Although PayPal's corporate headquarters are located in San Jose, PayPal’s operations center is located near Omaha, Nebraska, where the company employs more than 2,000 people as of 2007. PayPal’s international headquarters is located in Dublin, Ireland. The company also recently opened a technology center in Scottsdale, Arizona.

Online

The domain paypal.com attracted at least 260 million visitors annually by 2008 according to a Compete.com study.

Bank status

In the United States, PayPal is licensed as a money transmitter on a state-by-state basis.

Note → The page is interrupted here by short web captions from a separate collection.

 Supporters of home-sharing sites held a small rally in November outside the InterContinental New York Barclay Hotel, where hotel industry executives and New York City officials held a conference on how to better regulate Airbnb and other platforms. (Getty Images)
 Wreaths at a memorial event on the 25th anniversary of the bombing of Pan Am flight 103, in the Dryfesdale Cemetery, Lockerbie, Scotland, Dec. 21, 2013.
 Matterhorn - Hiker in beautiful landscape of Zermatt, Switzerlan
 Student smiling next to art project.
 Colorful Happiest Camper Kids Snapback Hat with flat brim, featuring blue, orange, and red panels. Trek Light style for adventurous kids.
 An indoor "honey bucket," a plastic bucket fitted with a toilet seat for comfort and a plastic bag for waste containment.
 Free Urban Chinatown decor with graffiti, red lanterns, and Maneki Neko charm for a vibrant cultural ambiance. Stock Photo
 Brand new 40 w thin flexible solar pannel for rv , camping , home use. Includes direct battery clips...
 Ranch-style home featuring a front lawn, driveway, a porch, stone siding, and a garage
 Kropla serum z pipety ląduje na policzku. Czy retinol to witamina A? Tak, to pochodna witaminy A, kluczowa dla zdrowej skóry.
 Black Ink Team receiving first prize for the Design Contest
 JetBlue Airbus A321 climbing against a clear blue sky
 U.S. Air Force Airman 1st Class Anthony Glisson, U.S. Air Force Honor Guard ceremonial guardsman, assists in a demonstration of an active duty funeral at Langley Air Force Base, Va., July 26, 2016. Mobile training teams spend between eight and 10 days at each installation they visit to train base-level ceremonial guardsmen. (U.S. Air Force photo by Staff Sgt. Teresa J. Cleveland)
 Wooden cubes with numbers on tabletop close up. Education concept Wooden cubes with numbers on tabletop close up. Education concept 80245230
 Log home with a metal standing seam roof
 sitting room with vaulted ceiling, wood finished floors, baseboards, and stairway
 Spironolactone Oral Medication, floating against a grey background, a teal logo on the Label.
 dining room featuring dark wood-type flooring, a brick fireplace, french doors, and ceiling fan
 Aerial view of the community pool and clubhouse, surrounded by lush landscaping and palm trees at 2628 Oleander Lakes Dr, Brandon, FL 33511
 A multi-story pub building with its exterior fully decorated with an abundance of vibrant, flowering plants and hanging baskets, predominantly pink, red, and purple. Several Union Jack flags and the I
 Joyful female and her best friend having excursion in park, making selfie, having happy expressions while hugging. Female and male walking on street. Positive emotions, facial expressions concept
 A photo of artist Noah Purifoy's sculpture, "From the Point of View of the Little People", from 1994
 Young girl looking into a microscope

PayPal is not classified as a bank in the United States, though the company is subject to some of the rules and regulations governing the financial industry including Regulation E consumer protections and the USA PATRIOT Act.[16] On May 15, 2007, PayPal announced that it would move its European operations from the UK to Luxembourg, commencing July 2, 2007 as PayPal (Europe) S.à r.l. & Cie, S.C.A. This would be as a Luxembourg entity regulated as a bank by the Commission de Surveillance du Secteur Financier (CSSF), the Luxembourg equivalent of the FSA. PayPal Luxembourg will then provide the PayPal service throughout the European Union (EU).